Parkin was confident that the burgeoning improvement in communication ... the appearance of telegraph and steam ship ... were the practical tools by which an imperial federation could be bound, just as America was bound first by roads, then canals and railways. The trend of economy and science was therefore in favour of a global federation. Parkin was not above drawing on concepts such as sentiment and honour to validate self-interest, however he is particularly strong in pointing out where practical financial interests for ordinary colonial citizens lent themselves to an imperial federation. The tension, of course, is between the efficiency of centralized control (e.g. security) and the natural aspirations of the colonies to have a say in how their contributions were deployed. As would be seen in Canada, it was colonial concern not be drawn into imperial ambitions that led to much divisiveness.
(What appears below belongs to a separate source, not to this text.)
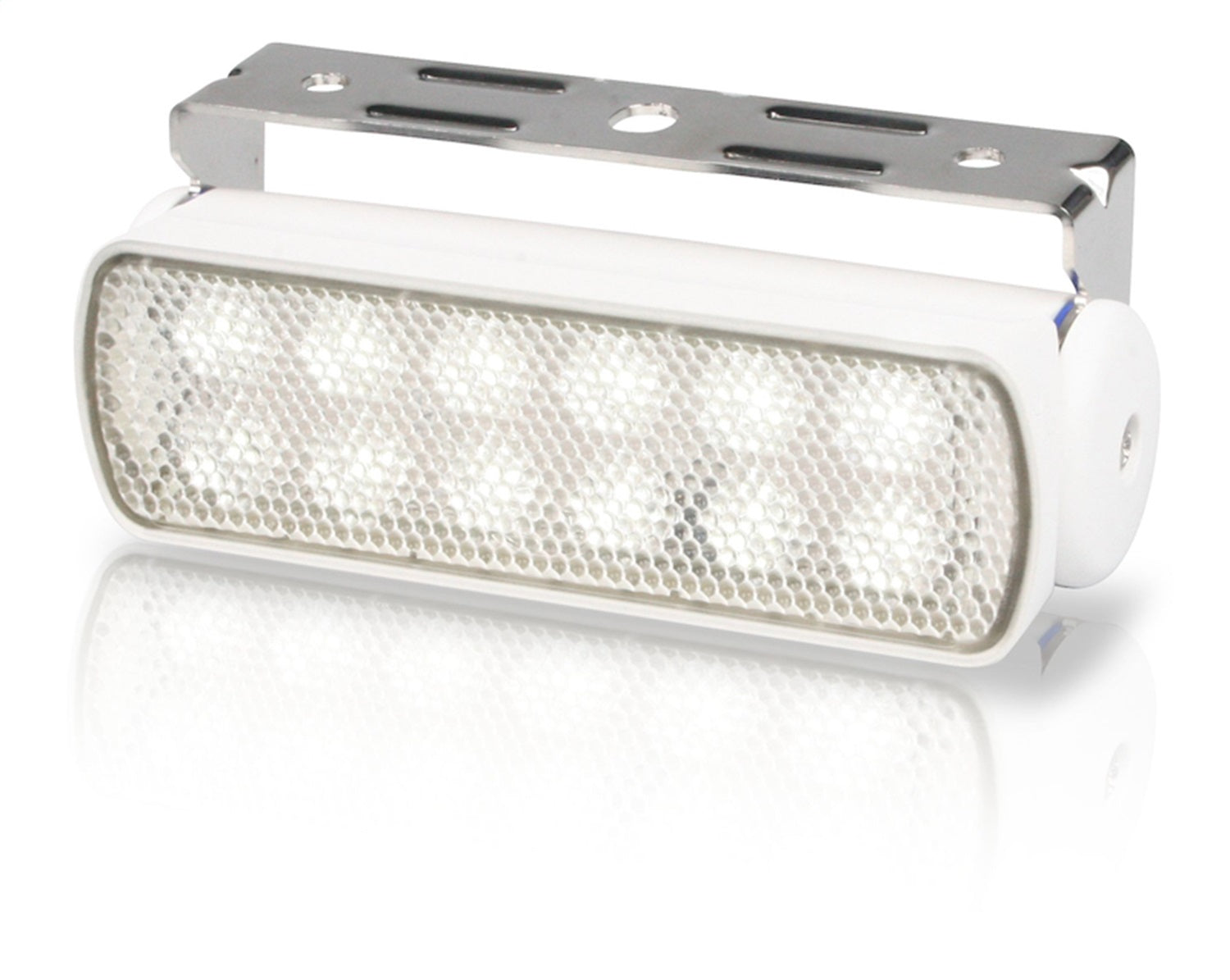 Hella 980670311 LAMP DECK SEA HAWK WHT WHT SPREAD MV Hella 980670311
For Parkin: "If we really have faith in our own social and Christian progress as a nation; if we believe that our race, on the whole, and in spite of many failures, can be trusted better than others, to use power with moderation, self-restraint, and a deep sense of moral responsibility; if we believe that the wide area of our possessions may be made a solid factor in the world's politics, which will always throw the weight of its influence on the side of righteous peace, then it cannot be inconsistent with devotion to all the highest interests of humanity to wish and strive for a consolidation of British power."
In the imperial federative system, the monarch provided a well-established head-of-state, avoiding the thorny debates on the topic in the early United States. The roadmap to federation seemed to have all the building blocks in place. The fact that colonies were in different stages of economic and political development might be seen as a hindrance to federation but Parkin points out that the Canadian and American federations offered substantial historical examples of neighbouring territories gradually developing until they were ready to join the federation. Why not the same for an Imperial Federation?
For Parkin, federation was a step toward greater opportunity and responsibility, not a surrender of rights: "In the minds of some colonists and more Englishmen I have found a belief, or rather a suspicion, that any closer union than at present exists could only be effected by taking away from the colonies some of the self-governing powers which they now possess." This, he felt, was based on a mistaken assumption about how independent they really were ... how much they contributed to their own security, capitalization and development. The question was whether the broader responsibilities were to be dealt with individually by the colonies or in partnership with other parts of the British Empire. "It has been said that all great movements which affect the condition of peoples are originated and carried forward by the combination of two forces: the force of conviction, which comes from reason, and the force of enthusiasm, which is born of sentiment." For Parkin, the sources of colonial sentiment could only come from the literary and cultural heritage which they drew from Great Britain.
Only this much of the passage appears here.